Der Eingangschor flehe bereits „Altes Jahr komm nicht wieder! Hast tausend Plagen ausgeheckt, die uns dein Lauf gebar.“ Des weiteren sei das Volk gequält worden „von Advokaten, Denunzianten, fremden Soldaten und Verschwörern“ und vom Russisch-Türkischen Krieg. Auf der Suche nach dem zunächst unbekannten Entstehungsjahr stieß das Studienseminar, das er auf Bühler ansetzte, auf das Jahr 1799, das aufgrund der im Text vorkommenden geschichtlichen Ereignisse identifiziert werden konnte. Damals herrschte offensichtlich allgemeine Weltuntergangsstimmung und dennoch sang der Schlusschor im entsprechenden Musikbeispiel „Gott wird uns nicht verlassen.“
Bühler komponierte 1790 die Neujahrskantate
Die eindringliche Schilderung der katastrophalen Zustände habe auch die Angst des Mönchs Bühler vor der Auflösung der Klöster im Nachgang der Französischen Revolution mit einbezogen. Die Recherchen der Co-Referentinnen Isabelle Krotz, Lena Gronbach und Franziska Blessing hätten allerdings nachgewiesen, dass Bühler die „Altjahrkantate“ erst nach seinem Austritt aus dem Kloster Donauwörth in Bozen geschrieben hätte, wo er 1794 die Stiftsorganistenstelle angetreten hatte. Die Kantate sei also eine Bestellung aus Donauwörth gewesen, für Dr. Ullrich ein wichtiges musikalisches Kulturgut und zugleich ein geschichtliches Dokument besonderer Art.

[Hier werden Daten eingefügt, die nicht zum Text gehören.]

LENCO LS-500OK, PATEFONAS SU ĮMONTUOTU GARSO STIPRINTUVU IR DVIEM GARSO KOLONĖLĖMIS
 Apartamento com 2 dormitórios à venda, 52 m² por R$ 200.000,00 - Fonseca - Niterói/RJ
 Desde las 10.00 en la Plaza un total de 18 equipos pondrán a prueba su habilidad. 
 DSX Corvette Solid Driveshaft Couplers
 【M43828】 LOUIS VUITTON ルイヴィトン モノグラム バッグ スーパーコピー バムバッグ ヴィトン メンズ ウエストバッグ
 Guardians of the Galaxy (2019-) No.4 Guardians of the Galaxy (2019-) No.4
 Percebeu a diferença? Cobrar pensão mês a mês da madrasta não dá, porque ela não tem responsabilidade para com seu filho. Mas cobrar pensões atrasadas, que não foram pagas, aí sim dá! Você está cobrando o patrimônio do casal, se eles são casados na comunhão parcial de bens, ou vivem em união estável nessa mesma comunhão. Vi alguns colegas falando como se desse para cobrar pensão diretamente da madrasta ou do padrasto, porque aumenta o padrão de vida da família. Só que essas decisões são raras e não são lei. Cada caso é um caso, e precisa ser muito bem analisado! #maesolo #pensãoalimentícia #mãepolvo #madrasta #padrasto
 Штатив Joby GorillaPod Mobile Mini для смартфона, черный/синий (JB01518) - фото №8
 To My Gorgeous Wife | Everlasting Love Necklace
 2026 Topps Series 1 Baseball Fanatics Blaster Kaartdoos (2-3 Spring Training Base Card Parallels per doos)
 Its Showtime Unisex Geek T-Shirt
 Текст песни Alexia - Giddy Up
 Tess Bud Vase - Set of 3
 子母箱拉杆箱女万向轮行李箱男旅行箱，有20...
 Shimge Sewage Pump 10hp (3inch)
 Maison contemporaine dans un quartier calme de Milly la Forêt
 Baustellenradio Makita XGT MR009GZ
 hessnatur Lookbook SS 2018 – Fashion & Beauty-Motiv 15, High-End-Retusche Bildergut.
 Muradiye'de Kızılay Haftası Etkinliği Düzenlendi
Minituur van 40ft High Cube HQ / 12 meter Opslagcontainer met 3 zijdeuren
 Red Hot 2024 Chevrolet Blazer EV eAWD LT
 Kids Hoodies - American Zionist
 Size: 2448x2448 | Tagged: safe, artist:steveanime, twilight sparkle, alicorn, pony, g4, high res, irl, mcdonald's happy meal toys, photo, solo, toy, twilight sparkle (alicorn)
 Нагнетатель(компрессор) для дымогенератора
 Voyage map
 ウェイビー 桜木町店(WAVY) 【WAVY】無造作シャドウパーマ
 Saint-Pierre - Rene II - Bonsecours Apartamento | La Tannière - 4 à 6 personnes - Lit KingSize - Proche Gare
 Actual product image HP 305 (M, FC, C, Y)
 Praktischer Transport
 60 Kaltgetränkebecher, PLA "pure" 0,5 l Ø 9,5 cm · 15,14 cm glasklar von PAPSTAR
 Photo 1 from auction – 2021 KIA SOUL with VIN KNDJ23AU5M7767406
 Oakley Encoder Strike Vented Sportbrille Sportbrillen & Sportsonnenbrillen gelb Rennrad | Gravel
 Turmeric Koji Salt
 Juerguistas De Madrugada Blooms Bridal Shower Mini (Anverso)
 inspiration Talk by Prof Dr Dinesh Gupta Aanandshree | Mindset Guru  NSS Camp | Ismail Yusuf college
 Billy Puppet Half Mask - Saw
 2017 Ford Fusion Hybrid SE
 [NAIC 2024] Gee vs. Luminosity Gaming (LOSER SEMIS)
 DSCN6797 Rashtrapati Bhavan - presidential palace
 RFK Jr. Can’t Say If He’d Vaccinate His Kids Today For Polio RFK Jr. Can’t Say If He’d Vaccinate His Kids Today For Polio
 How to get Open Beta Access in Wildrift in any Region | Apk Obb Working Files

Als Pendant dieses Werks gelte die 1790 komponierte „Neujahrskantate“, die statt eines Jahresrückblicks die vom neuen Jahr erbetenen Wünsche ausdrücke. Auf die Frage „Warum soll man sich freuen?“ sang der Chor im Hörbeispiel: „Gib uns Getreide und Wein!“. Die Menschen ersehnten sich also genügend Nahrung und wiederkehrende freudige Feste, vor allem auch das Ende des schon fünf Jahre dauernden Krieges in energischer Forderung: „Kriege auch verbitten wir!“
Beide Kantaten würden als „Grabmusiken“ bezeichnet, seien aber nicht für Beerdigungen gedacht, sondern als besonderer Musiktypus für Auferstehungsfeiern. Die Darstellung der Auferstehung Jesu in der Maihinger Klosterkirche sei ein ganzjährig zu besichtigendes, anschauliches Beispiel für diese religiöse Thematik. (emy)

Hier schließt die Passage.